Missing Idol’s Finale for Cirque du Soleil!
This year was the first time I’ve ever missed Idol’s Top 2 Finale, and I’ve been watching since Season 1.
Of course, I don’t care. I’ve been so underwhelmed by the talent popping up on the show that I couldn’t even be bothered to record it on my DVR. Instead, I went to the circus! 🙂
Seeing Cirque du Soleil perform Michael Jackson’s Immortal World Tour was a long time coming. I received the tickets as a birthday present, and I was finally able to attend the show. It definitely lived up to all my expectations and beyond.
Let’s put it this way: Michael Jackson’s Music + Cirque du Soleil = Magic! Imagination! Mind-blowing Awesomeness!
I haven’t seen such things on Idol since David Archuleta (who of course never needed all the razzle-dazzle pedazzle that the likes of Cirque and MJ have relied on to entertain the masses, but still: pyrotechnic-meets-acrobats-meets-greatness makes for magnificence).
What was really amazing to me during the 2-hour plus show was how the more simple performances turned out to be my favorites.
Like, the “Human Nature” piece, which included high-flying trapeze artists spinning in the air, only detected through lights illuminating their bodies, as they danced against the backdrop of deep space.

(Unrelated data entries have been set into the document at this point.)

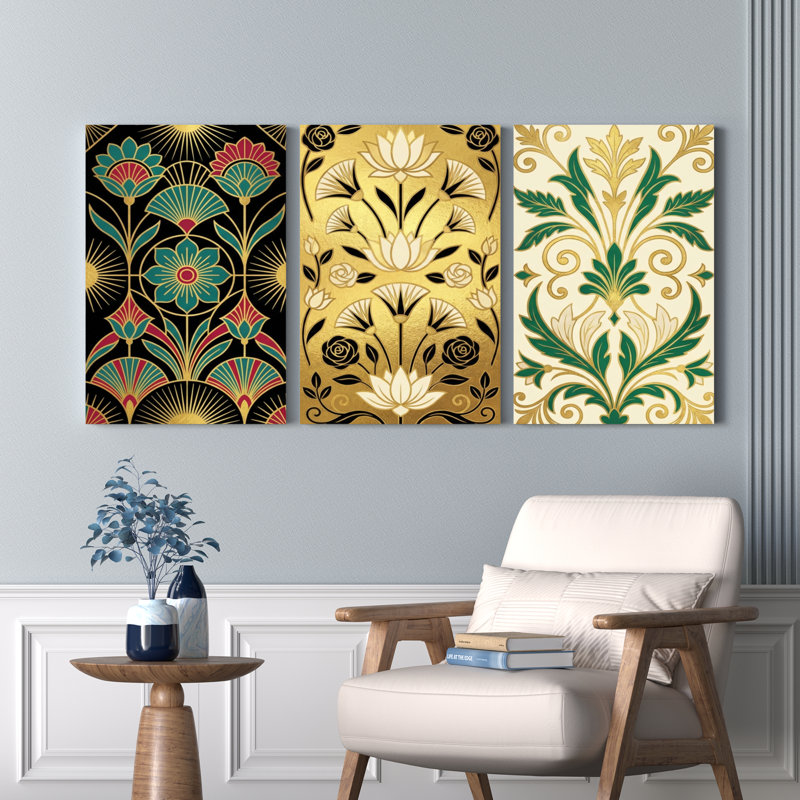 Ensemble de 3 tableaux sur toile à motifs floraux Art déco pour la décoration du salon et de la chambre, H 30 po x l 60 po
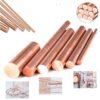 Round red copper rod material of various sizes, along with use examples.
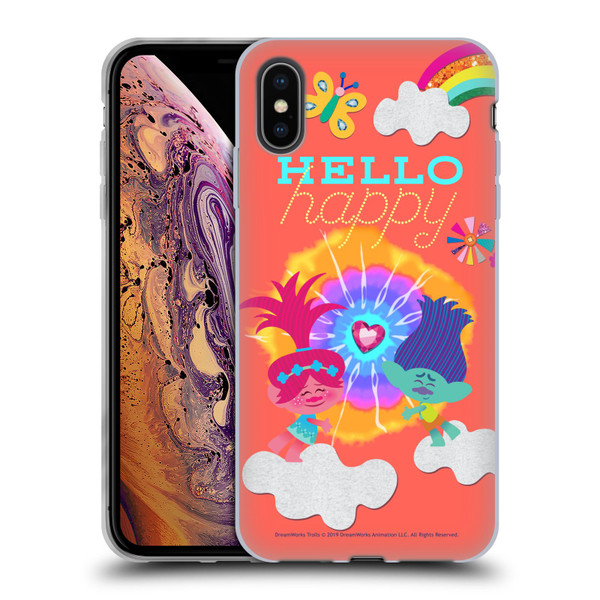 Trolls Graphics Poppy Branch Rainbow Soft Gel Case for Apple iPhone XS Max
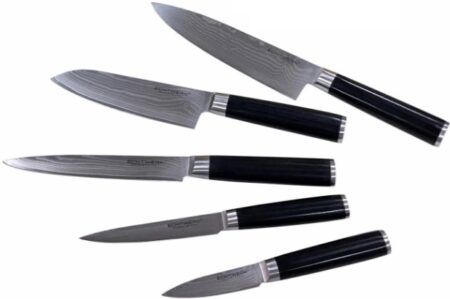 Echtwerk Damaszener Messer Set 5teilig inkl. Magnet Messerblock für 90,94€ (statt 126€)
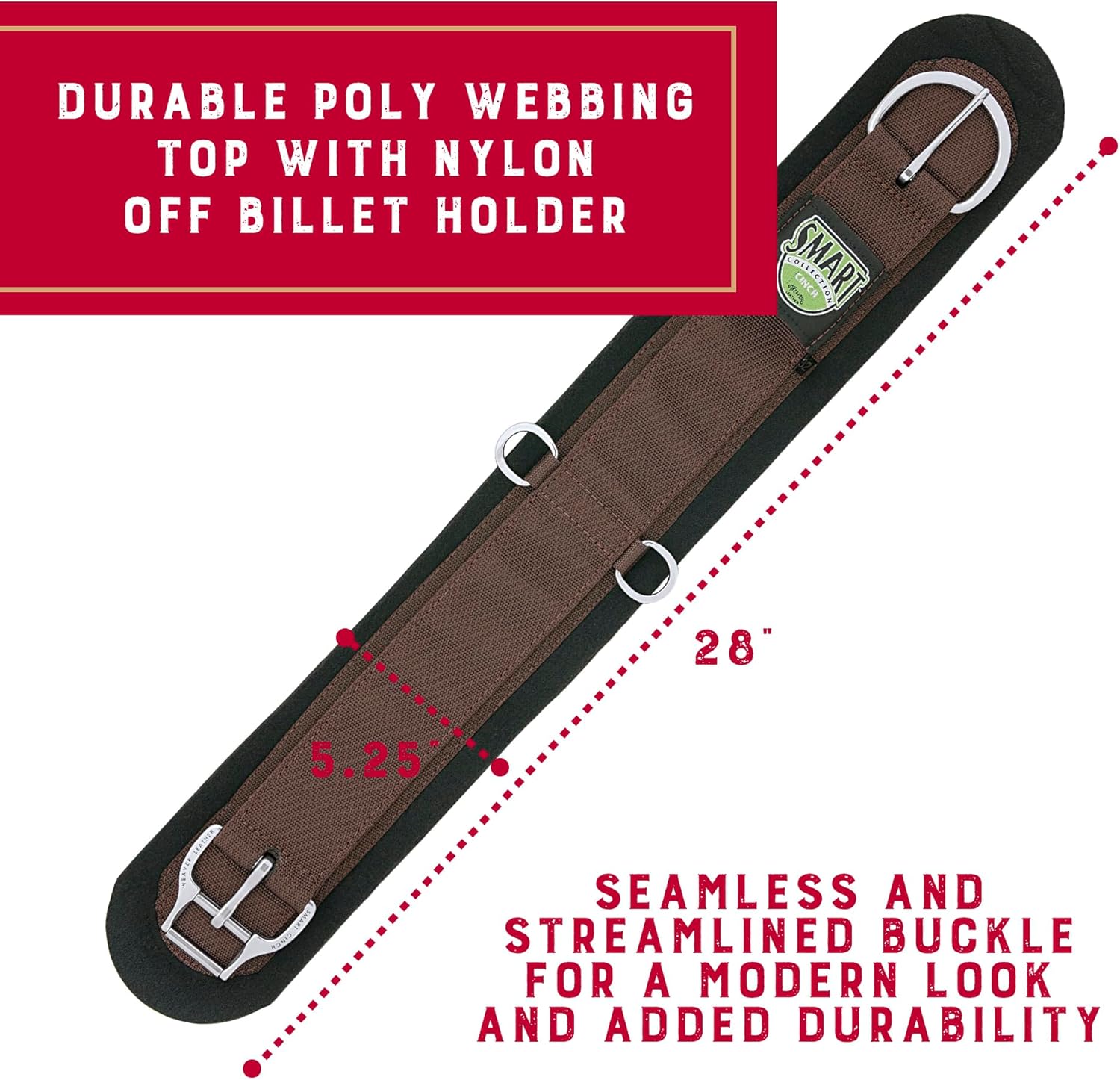 Weaver Equine Sottopancia Dritto per Cavallo, Nero - immagine 3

I tell ya, I was moved unspeakably to tears, it was so beautiful. The entire concept, beginning with our clown M.C. stand-in as MJ doing an amazing breakdance popping number while the digitized screen imagined his inspiration coming from musical keys, was awe-inspiring, especially as he surrounds himself with hearts. Love, the ultimate source of inspiration!
Or, how about a pas de deux in air, danced to “I Just Can’t Stop Loving You”?
The Thriller number looked like it was recreated from the concept behind Michael Jackson’s This is It, so I wasn’t as blown away, other than it was cool to hear the song, and I wish they did more with Earth Song. I definitely think they could have done a more beautiful presentation with costuming and flying trapeze artists, instead of relying on the music video. Yes, I expect more from Cirque du Soleil. I wanted flying butterflies and animated trees, or even an oceanic scene! Those two numbers were a bit lazy, compared to the more simplistic performances that offered more imagination.
What saved Thriller? The prelude, which included a “Book Worm” woman, literally crawling out of a book about “ghost stories.” 🙂
Absolutely awesome what she was able to do with her body!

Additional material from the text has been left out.